The word ‘Mannerism’ derives from the Italian maniera and this style of art is usually associated with Italian painting, sculpture and architecture of the period between the High Renaissance and the Baroque. Dutch Mannerism, however, was the predominant style in the art of the Northern Netherlands from about the 1580s until the 1610s and developed from the NethverlandishNeverlandish tradition blended with Italian and German art. Paintings, drawings and prints of Dutch Mannerism are among the most sophisticated and celebrated works of Dutch Art and form the brilliant ‘Dawn of the Golden Age’.
The most important artist of Dutch Mannerism is Hendrick Goltzius. In 1587 he produced one of his most memorable drawings, the Bust of a Man with a Tasselled Cap. This large pen drawing is undoubtedly the most extraordinary addition of recent decades to Goltzius’s oeuvre. An unknown work until acquired in 2000 by the National Galleries of Scotland from the collection of the Duke of Buccleuch at Boughton House (Kettering, Northamptonshire), it probably came from an album bought by one of the Dukes of Montagu in the eighteenth century. The sheet is dominated by the fleshy head of a man with huge double chins, wearing a high cap with flaps and a tassel and shows Goltzius’s technical virtuosity and his power of imagination.
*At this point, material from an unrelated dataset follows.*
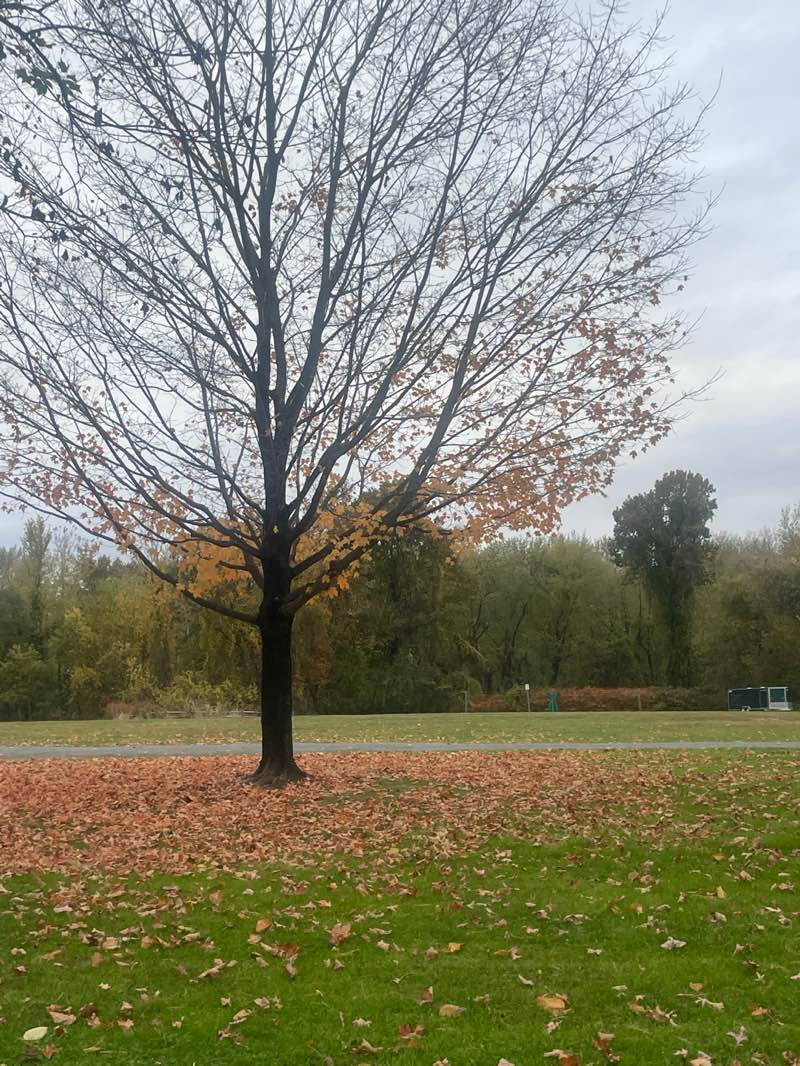 walking near me in Riverfront Park in autumn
Goltzius along with fellow artists Van Mander and Cornelis Cornelisz van Haarlem (1562-1638) founded the ‘Haarlem Academy’. While we do not know how long it existed or how it worked the impact of the three artists on Dutch art cannot be overestimated. While Haarlem clearly was the centre of Dutch Mannerism, there was also a distinct Utrecht Mannerism style represented by Abraham Bloemaert and Joachim Wtewael (1566-1638). Bloemaert’s painting, The Miracle of the Loaves - where Christ is shown with the five loaves and two fishes which will feed the five thousand – is typical of mannerist painting as the main scene takes place in the middle distance, and is framed and partly obscured by monumental figures in the foreground. Bloemaert painted this work shortly after staying in Amsterdam in 1591-2 which had given him the opportunity to meet artists from Haarlem. It is the earliest surviving depiction he made of this rarely depicted subject.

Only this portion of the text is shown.